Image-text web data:

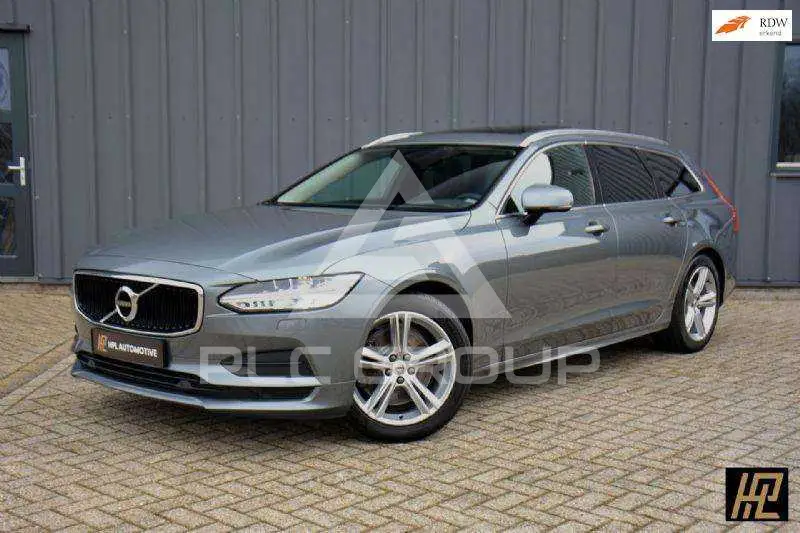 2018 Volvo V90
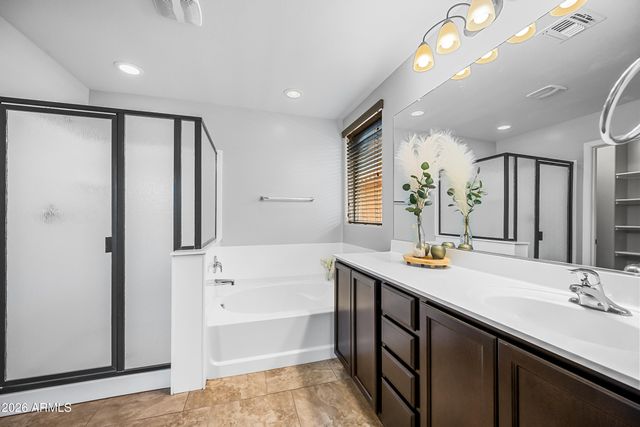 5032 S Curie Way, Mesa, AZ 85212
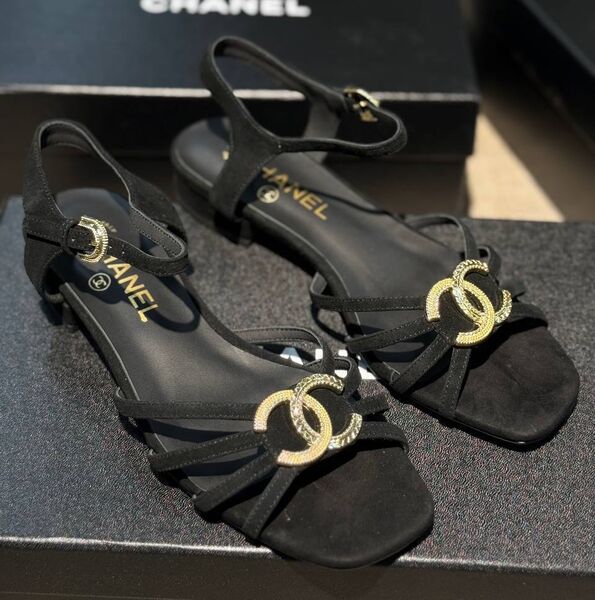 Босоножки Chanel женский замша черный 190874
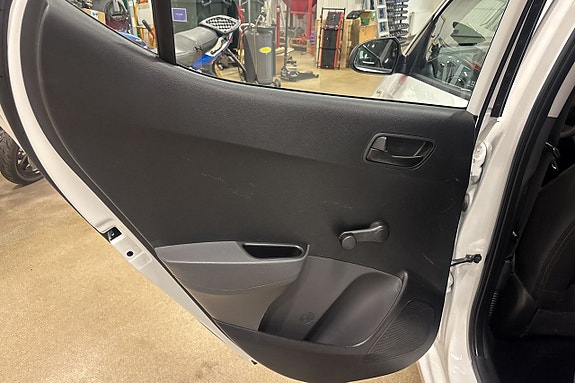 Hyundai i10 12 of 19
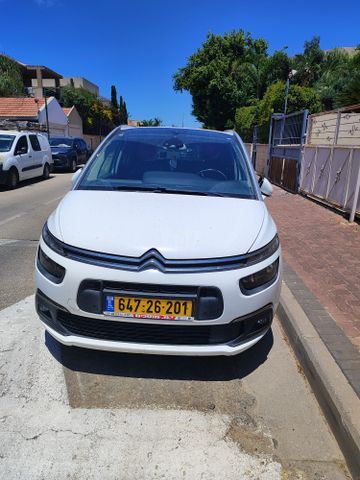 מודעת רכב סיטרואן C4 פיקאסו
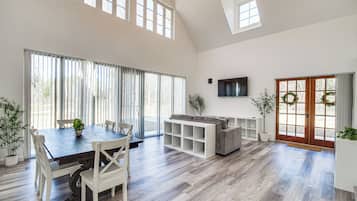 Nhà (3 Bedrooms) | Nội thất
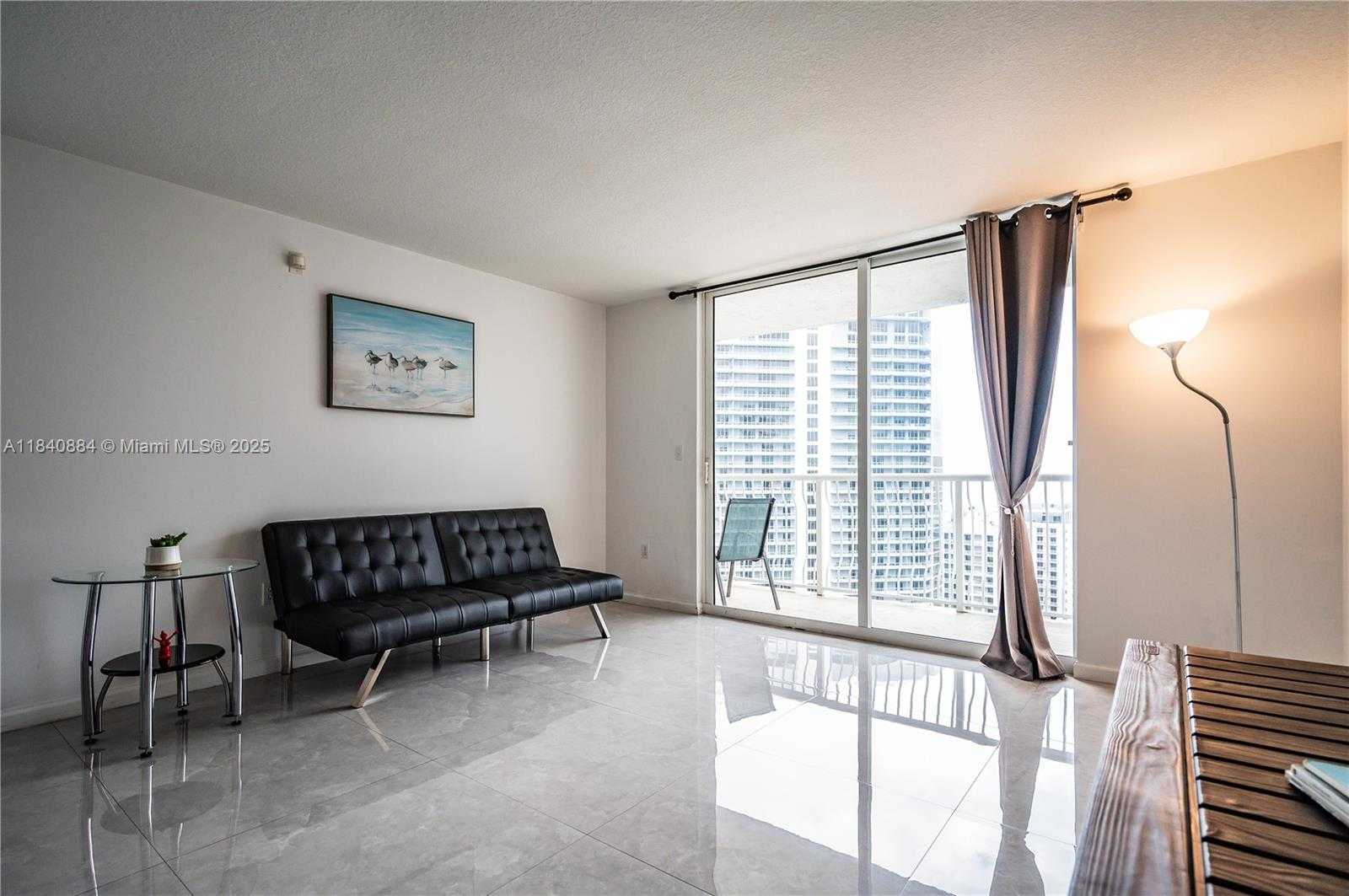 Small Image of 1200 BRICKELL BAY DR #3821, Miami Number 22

* [WORK ORDER]: Return every entry word for word, but drop any pictures.

* [RESPONSE AREA]:
 2018 Volvo V90
 5032 S Curie Way, Mesa, AZ 85212
 Босоножки Chanel женский замша черный 190874
 Hyundai i10 12 of 19
 מודעת רכב סיטרואן C4 פיקאסו
 Nhà (3 Bedrooms) | Nội thất
 Small Image of 1200 BRICKELL BAY DR #3821, Miami Number 22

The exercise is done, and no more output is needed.